Ne abbiamo avuto numerosi esempi anche in occasione della recente pandemia da SARS-CoV-2. Si potrà obiettare che spesso gli stessi scienziati non sono d’accordo tra loro. È vero, ma questo fa parte della normale dinamica evolutiva della scienza. Come ha espresso chiaramente Feynman, “non abbiamo mai la certezza di essere nel giusto” ed è quindi perfettamente normale che, su certi argomenti ancora in fase di studio, i ricercatori possano esprimere pareri diversi. Ma, se si tratta di ricercatori seri, devono presentare le prove di quanto affermano ed essere disposti a modificare le proprie opinioni di fronte a nuove evidenze. Non per niente la scienza è in continua evoluzione. Si tratta di un’evoluzione che tende a raggiungere un accordo intersoggettivo tra i vari ricercatori: di fronte a solide evidenze fattuali, alla fine, non si può non essere d’accordo.

I mezzi di comunicazione però purtroppo trasmettono al pubblico un’immagine falsata della scienza. Troppo spesso nei media la voce degli scienziati è presentata come una delle tante opinioni. Questo appare evidente, per esempio, nei talk show televisivi dove, quando si affrontano temi tecnici quali vaccini, Ogm, problematiche ambientali, si offre pari spazio e pari dignità allo scienziato, al personaggio dello spettacolo, al politico, al sacerdote. Questo accade, sovente in buona fede, in nome della democrazia e del pluralismo culturale, ma può produrre gravi danni. Quelle espresse dagli scienziati, infatti, non sono semplici opinioni. Sono frutto di anni di ricerche e sperimentazioni e non possono per nessun motivo essere messe sullo stesso piano delle posizioni soggettive del politico, dello showman o di chiunque altro si pronunci su certi argomenti, senza possederne minimamente le competenze.

La normale attività degli scienziati è lenta, paziente, meticolosa, perfezionista e avviene lontana dai riflettori dei media. Anziché occuparsi di loro solamente in occasione di notizie eclatanti, cercando di creare una sorta di scienza-spettacolo, i media dovrebbero cercare di far conoscere al grande pubblico proprio l’attività ordinaria dei ricercatori, facendone comprendere i metodi, le strategie, i successi ma anche gli errori, gli entusiasmi ma anche gli sconforti, mettendo in evidenza come la scienza sia una straordinaria avventura profondamente umana.

Questo dovrebbe valere ovviamente anche in campo didattico, ambito nel quale c’è ancora tantissimo lavoro da fare. La comprensione di come opera la scienza può essere sicuramente favorita anche da un approccio di tipo storico.
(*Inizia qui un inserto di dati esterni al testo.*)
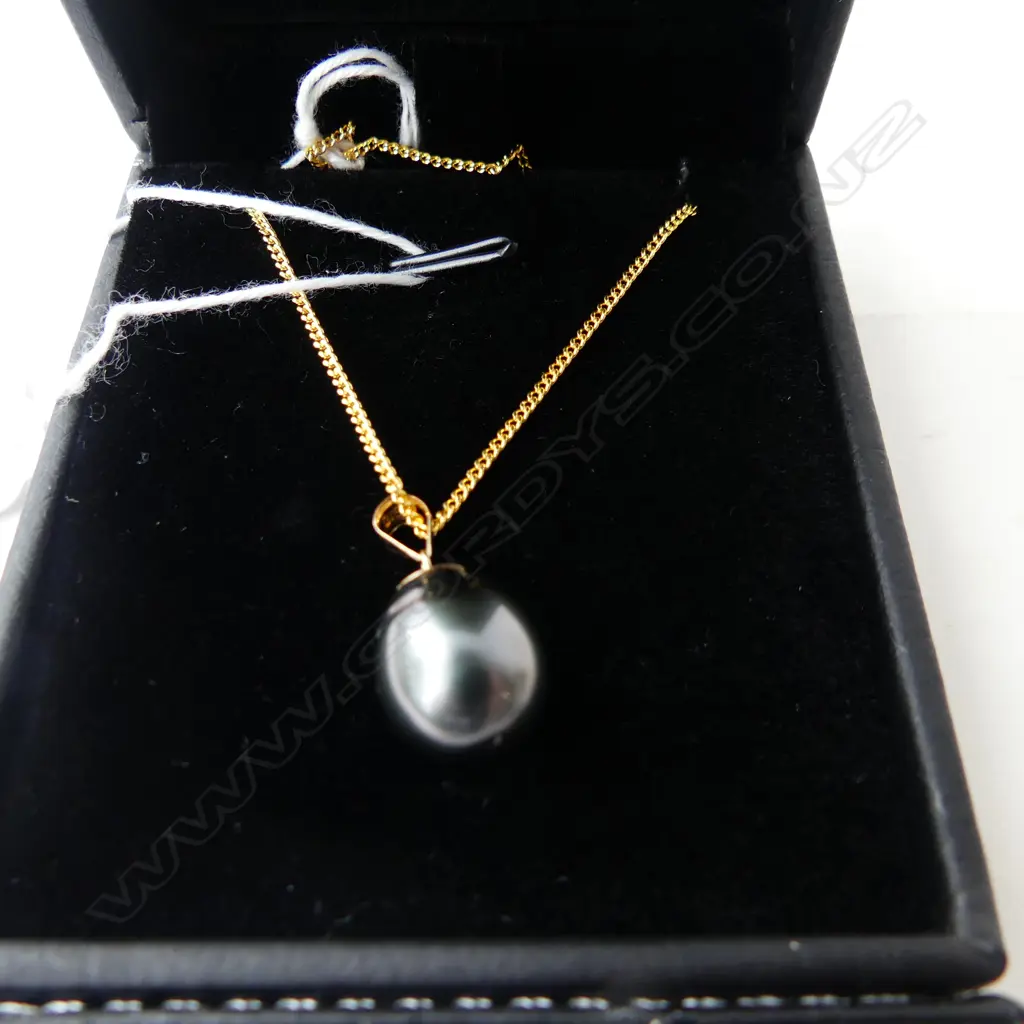 BLACK PEARL PENDANT NECKLACE ON SILVER GILT CHAIN Image 1++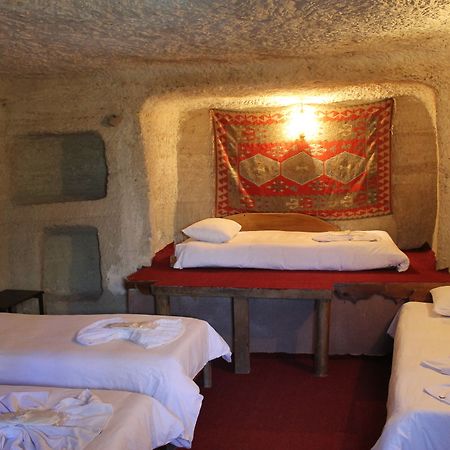 Yasin'S Place Backpackers Cave Hostel เกอเรเม ภายนอก รูปภาพ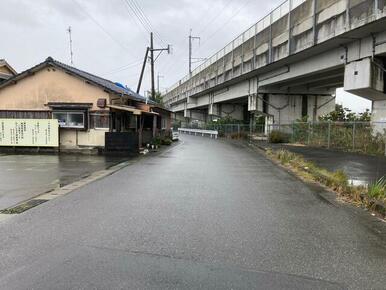 北西側道路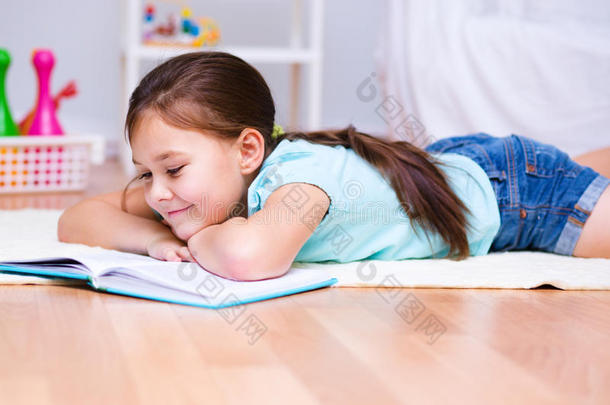 小女孩正在看书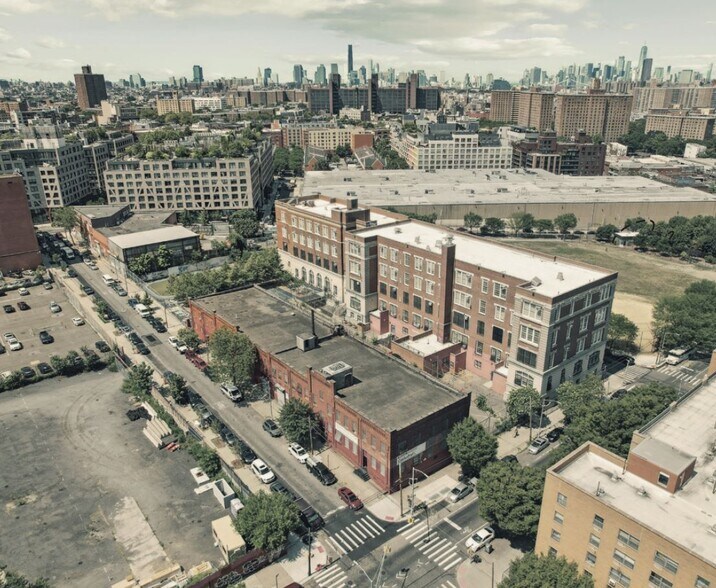 More Photos Of 43 George St, Brooklyn Religious Facility For Sale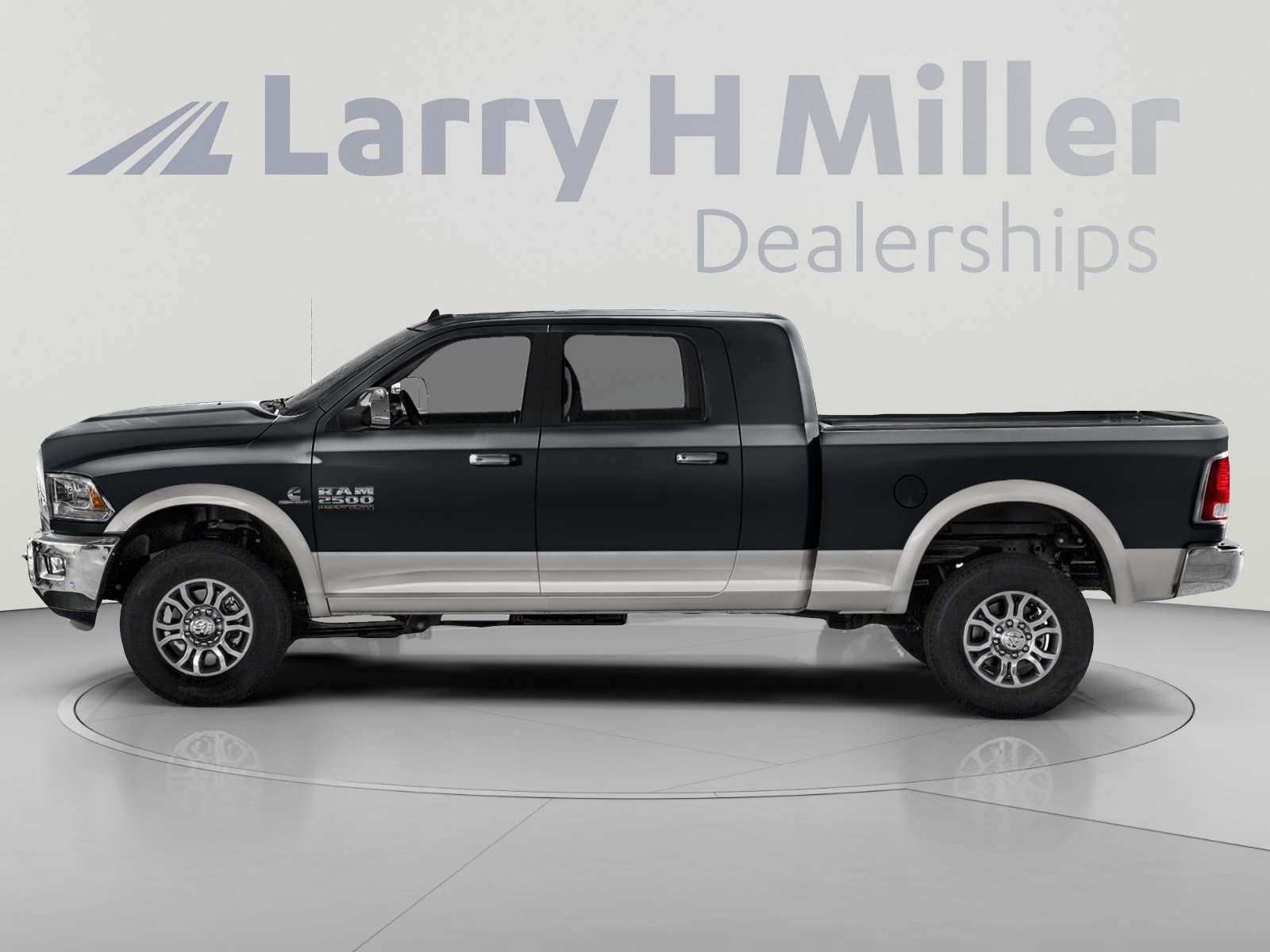 Used 2017 RAM 2500 Laramie AWD/4WD image 3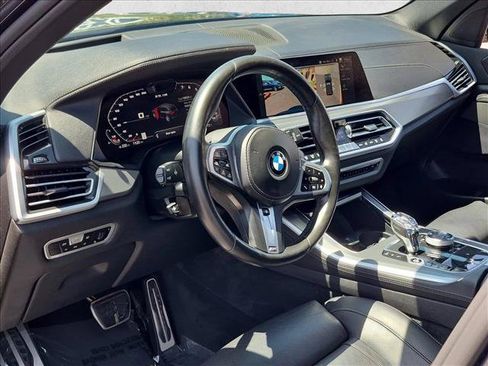 Used 2022 BMW X5 sDrive40i w/ M Sport Package RWD image 10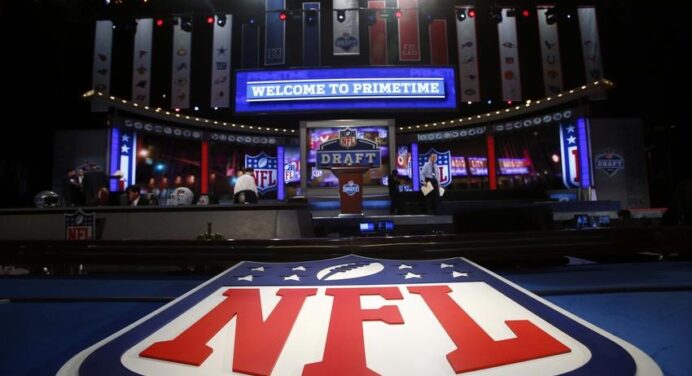 Top Three Quarterbacks in the 2015 NFL draft (archival article)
Anziché limitarsi a illustrare le teorie “giuste” della scienza, può essere didatticamente molto utile esaminare come si sono sviluppati storicamente certi concetti, inevitabilmente tra tentativi ed errori.
La scienza non è un percorso lineare verso la verità.

Il suo sviluppo è accidentato, spesso imbocca strade sbagliate, torna indietro, riparte, si modifica strada facendo e corregge continuamente i propri errori. Una buona didattica della scienza non può ignorare tutto ciò, se vuole realmente diffondere una mentalità scientifica. Limitarsi a trasmettere contenuti, che vengono poi ripetuti meccanicamente dagli studenti, non incide minimamente sul loro senso critico e non sviluppa la loro razionalità.

Lo psicologo dell’educazione americano Jerome Seymour Bruner aveva ben evidenziato questo aspetto della scienza, sottolineando la necessità di tenerne conto dal punto di vista didattico. Impariamo dunque a raccontare la scienza!